Task description.
Pull out the lines from the one containing "Used 2015 Toyota" through the final line of the listing below and repeat them exactly. Leave the pictures behind.
Segment Start: Data supplied
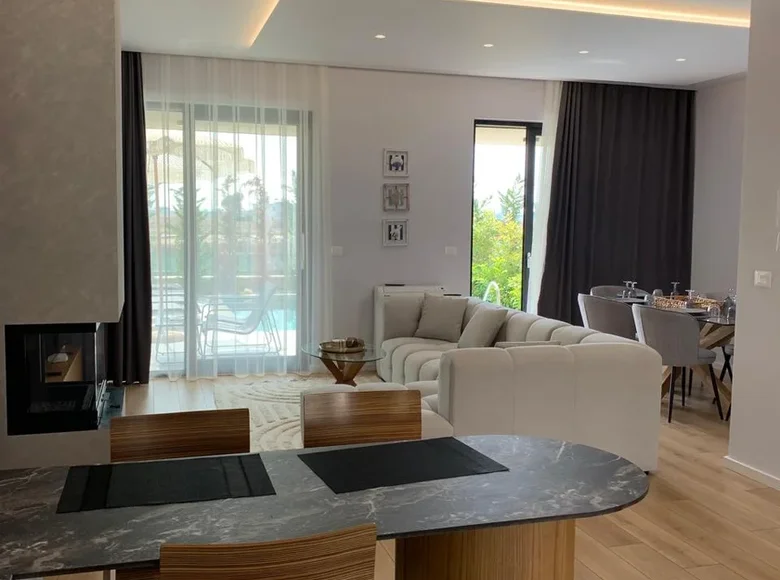 3 bedroom villa 297 m² Golem, Albania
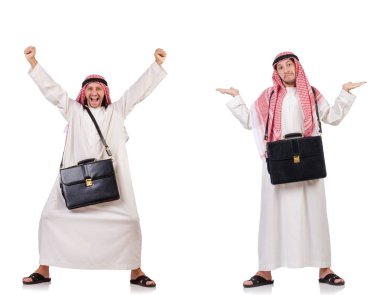 Arap adam beyaz arka plan üzerinde izole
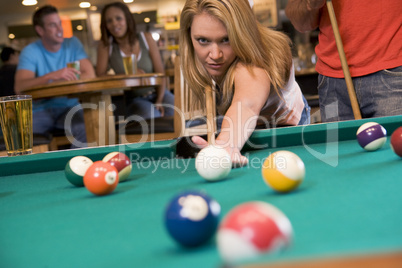 Eine Frau spielt Billard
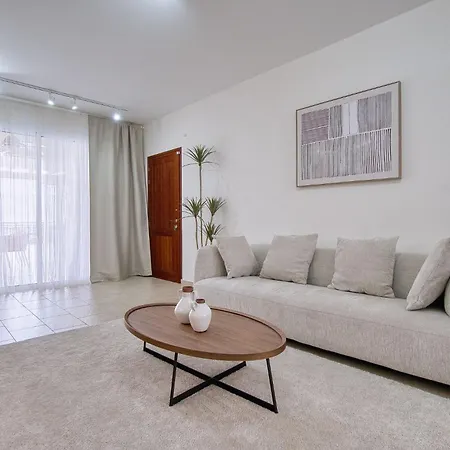 Eden Heights E302 Apartamento *
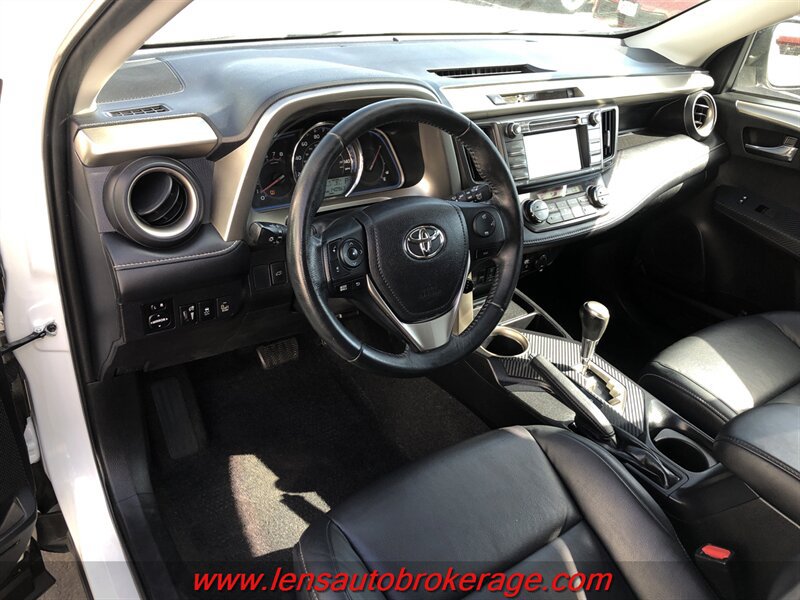 Used 2015 Toyota RAV4 Limited w/ Technology Package FWD image 10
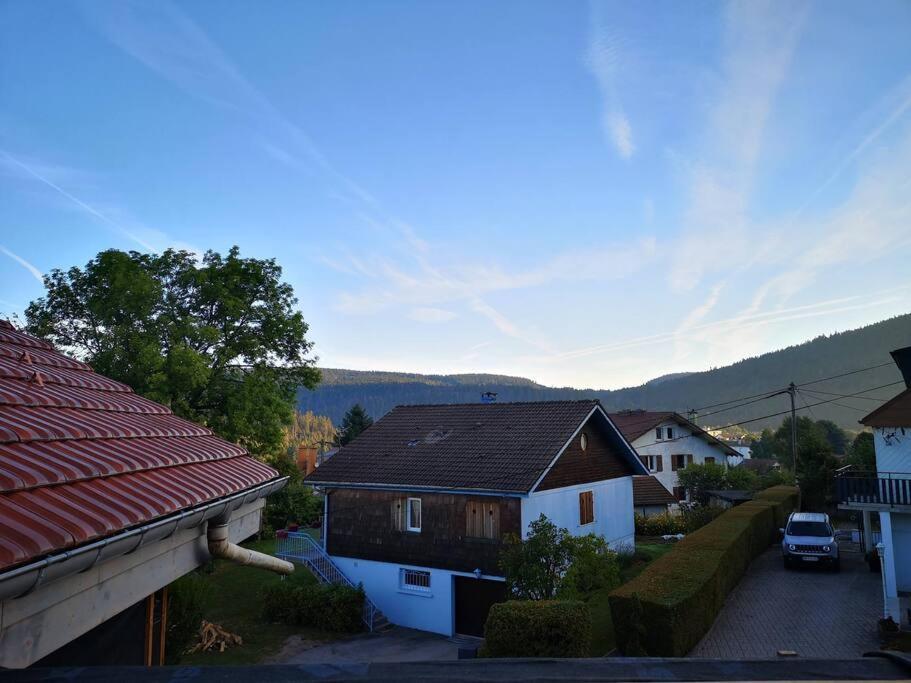 Chez Alixe - Appartement Avec Terrasse Gérardmer Exterior foto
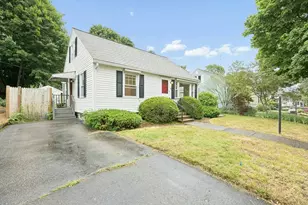 29 Courtland St, Worcester, MA 01602 - Photo 2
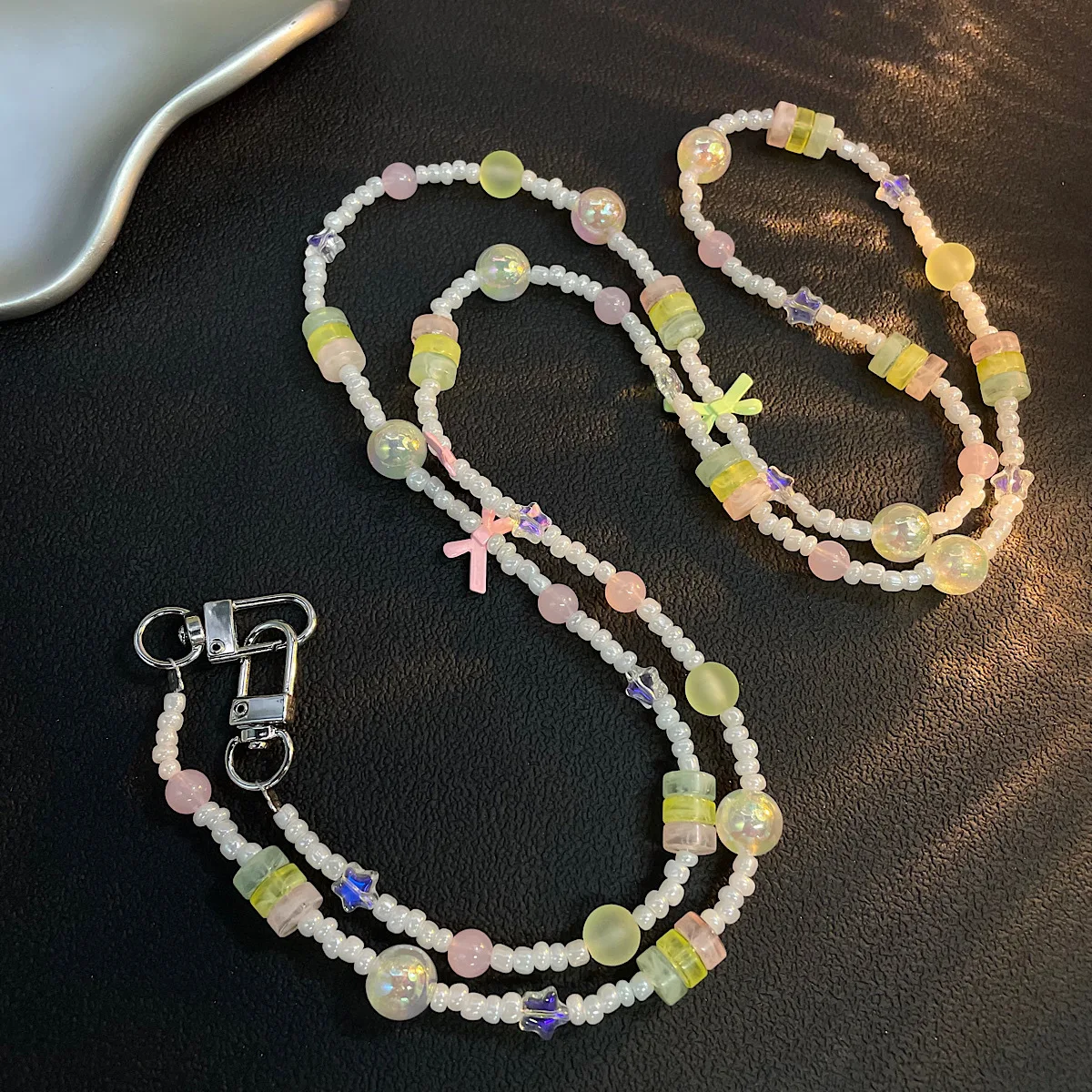 Cute Bear Bow Candy Mobile Phone Lanyard Crossbody Bead Strap Lanyard Chain For iPhone Samsung Universal Phone Accessories Chain
Cute Bear Bow Candy Mobile Phone Lanyard Crossbody Bead Strap Lanyard Chain For iPhone Samsung Universal Phone Accessories Chain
Segment End: Data supplied
Output of the task.
 Used 2015 Toyota RAV4 Limited w/ Technology Package FWD image 10
 Chez Alixe - Appartement Avec Terrasse Gérardmer Exterior foto
 29 Courtland St, Worcester, MA 01602 - Photo 2
 Cute Bear Bow Candy Mobile Phone Lanyard Crossbody Bead Strap Lanyard Chain For iPhone Samsung Universal Phone Accessories Chain
Cute Bear Bow Candy Mobile Phone Lanyard Crossbody Bead Strap Lanyard Chain For iPhone Samsung Universal Phone Accessories Chain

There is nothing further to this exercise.